>From: Tsunakawa, Takayuki [mailto:tsunakawa.takay@jp.fujitsu.com]
>From: Ideriha, Takeshi [mailto:ideriha.takeshi@jp.fujitsu.com]
>> I measured the memory context accounting overhead using Tomas's tool
>> palloc_bench, which he made it a while ago in the similar discussion.
>> https://www.postgresql.org/message-id/53F7E83C.3020304@fuzzy.cz
>>
>> This tool is a little bit outdated so I fixed it but basically I
>> followed him.
>> Things I did:
>> - make one MemoryContext
>> - run both palloc() and pfree() for 32kB area 1,000,000 times.

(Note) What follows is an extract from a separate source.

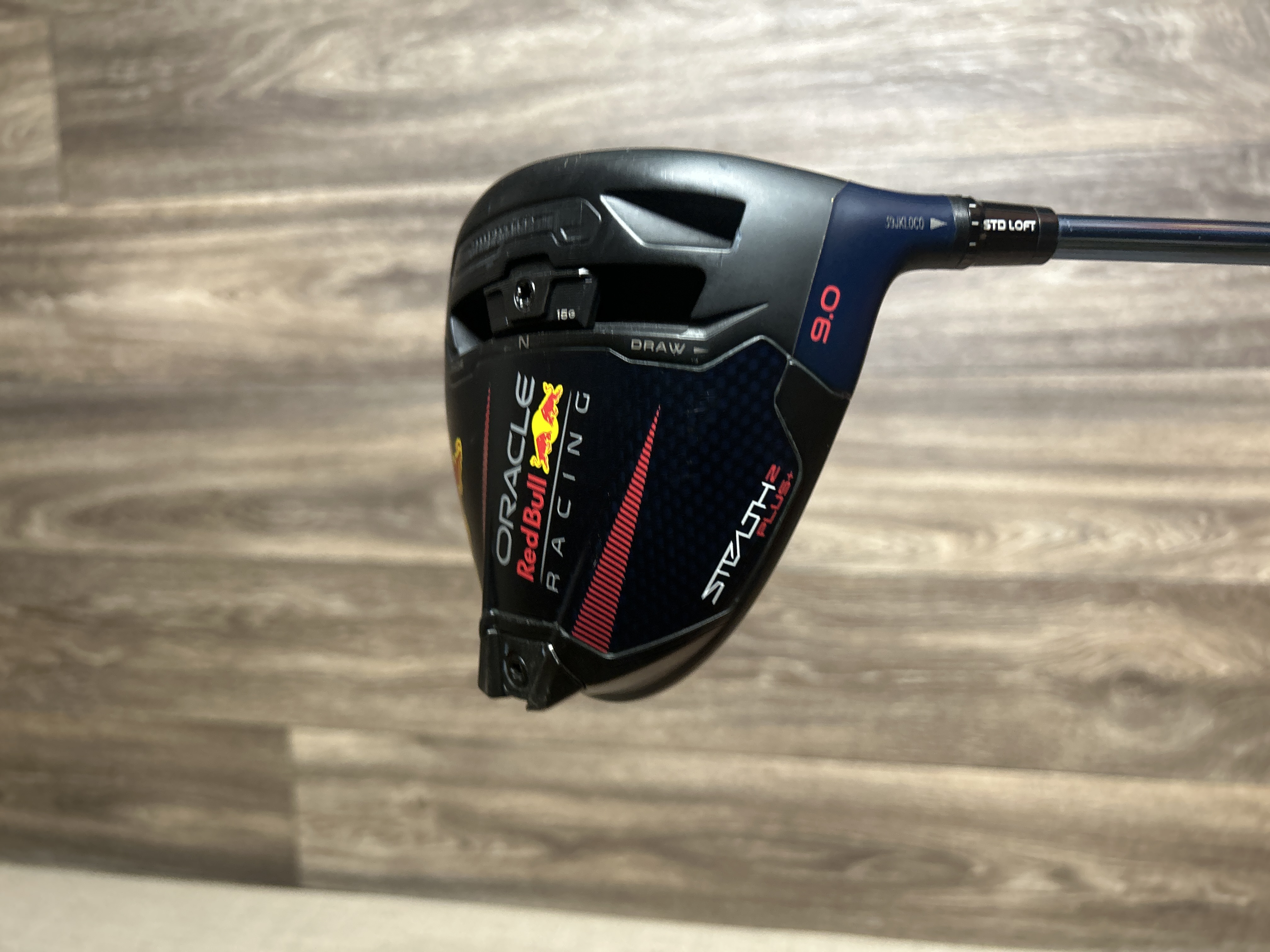 Limited Edition Red Bull Stealth 2 Plus | SidelineSwap | Buy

>> - And measure this time
>And are you sure you didn't enable assert checking?
Ah, sorry.. I misconfigured it.
>I'm afraid the measurement is not correct. First, the older discussion below shows
>that the accounting overhead is much, much smaller, even with a more complex
>accounting.
>Second, allocation/free of memory > 8 KB calls malloc()/free(). I guess the
>accounting overhead will be more likely to be hidden under the overhead of malloc()
>and free(). What we'd like to know the overhead when malloc() and free() are not
>called.
Here is the average of 50 times measurement.
Palloc-pfree for 800byte with 1,000,000 times, and 32kB with 1,000,000 times.
I checked malloc is not called at size=800 using gdb.
[Size=800, iter=1,000,000]
Master |15.763
Patched|16.262 (+3%)
[Size=32768, iter=1,000,000]
Master |61.3076
Patched|62.9566 (+2%)
At least compared to previous HashAg version, the overhead is smaller.
It has some overhead but is increase by 2 or 3% a little bit?